Exercise in exact copying: restate word for word only the lines below from the one containing "LeBron James Debuts" through the one containing "Las mejores fotos", omitting any pictures.

+++ Source data +++

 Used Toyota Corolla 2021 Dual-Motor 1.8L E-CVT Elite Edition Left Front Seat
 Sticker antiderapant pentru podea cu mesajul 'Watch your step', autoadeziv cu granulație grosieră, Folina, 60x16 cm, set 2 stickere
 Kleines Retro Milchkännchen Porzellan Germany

+++
+++ Source data +++

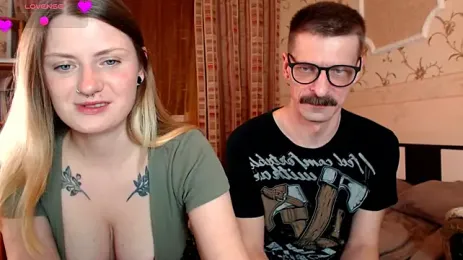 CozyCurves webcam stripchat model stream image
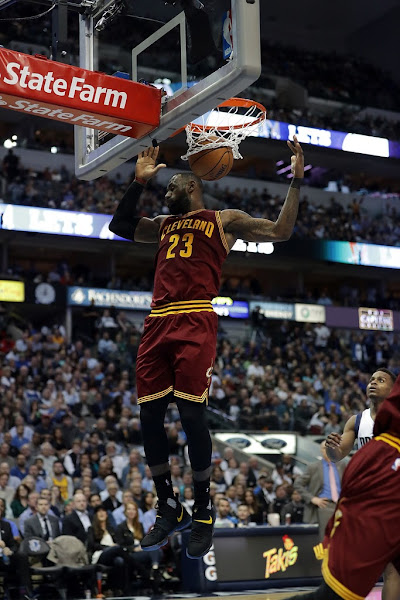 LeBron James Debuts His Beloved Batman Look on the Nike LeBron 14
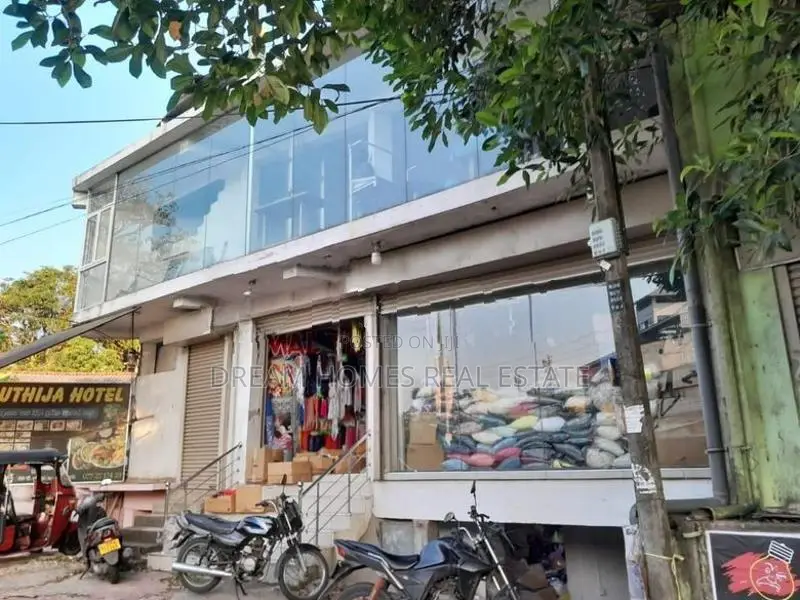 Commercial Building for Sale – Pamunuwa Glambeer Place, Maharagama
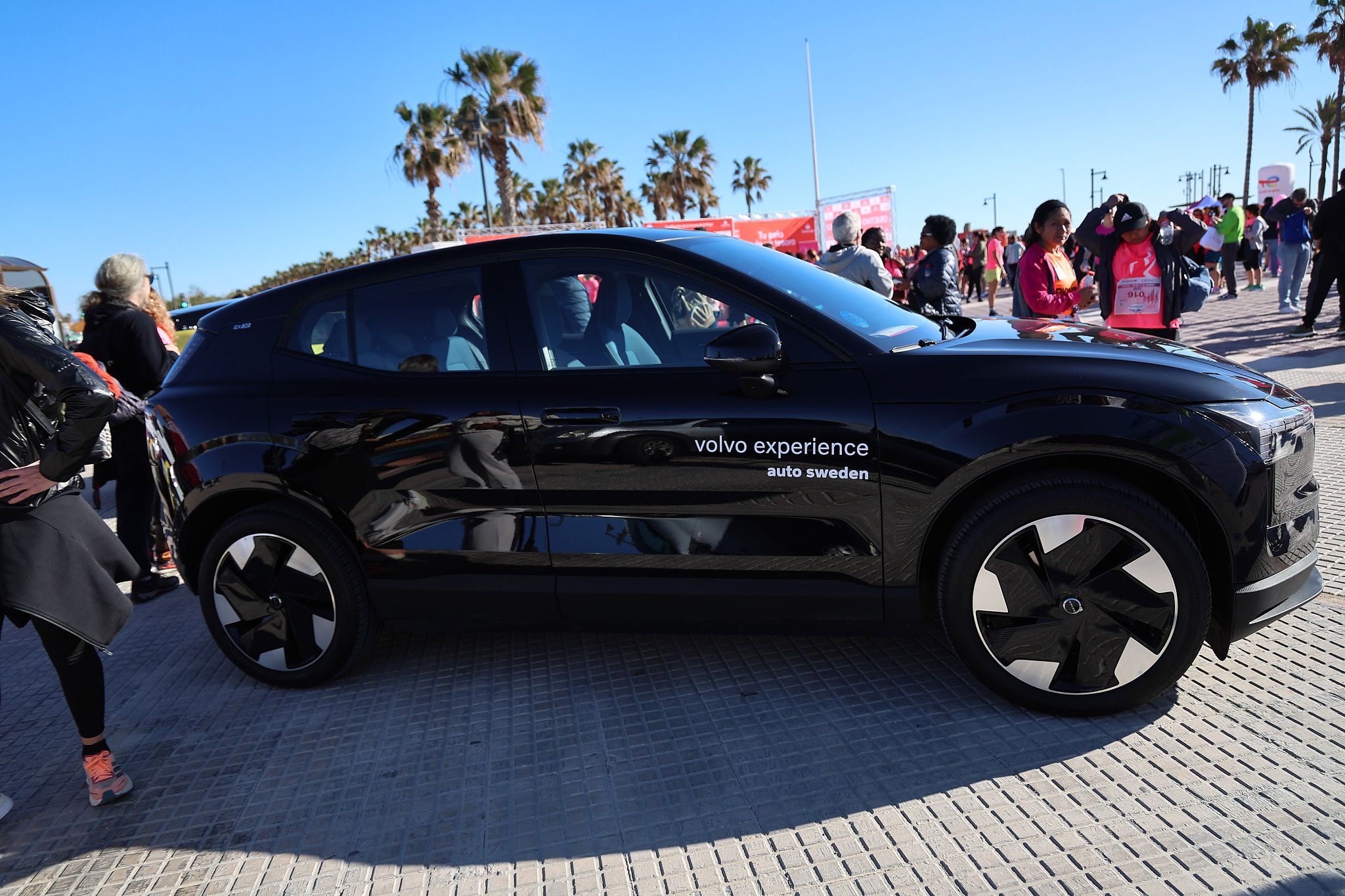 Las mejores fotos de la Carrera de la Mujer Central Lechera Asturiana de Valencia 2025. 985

+++
+++ Source data +++

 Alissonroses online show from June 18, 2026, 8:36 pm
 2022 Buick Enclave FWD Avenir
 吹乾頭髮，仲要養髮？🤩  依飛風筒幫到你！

+++

- The answer -
 LeBron James Debuts His Beloved Batman Look on the Nike LeBron 14
 Commercial Building for Sale – Pamunuwa Glambeer Place, Maharagama
 Las mejores fotos de la Carrera de la Mujer Central Lechera Asturiana de Valencia 2025. 985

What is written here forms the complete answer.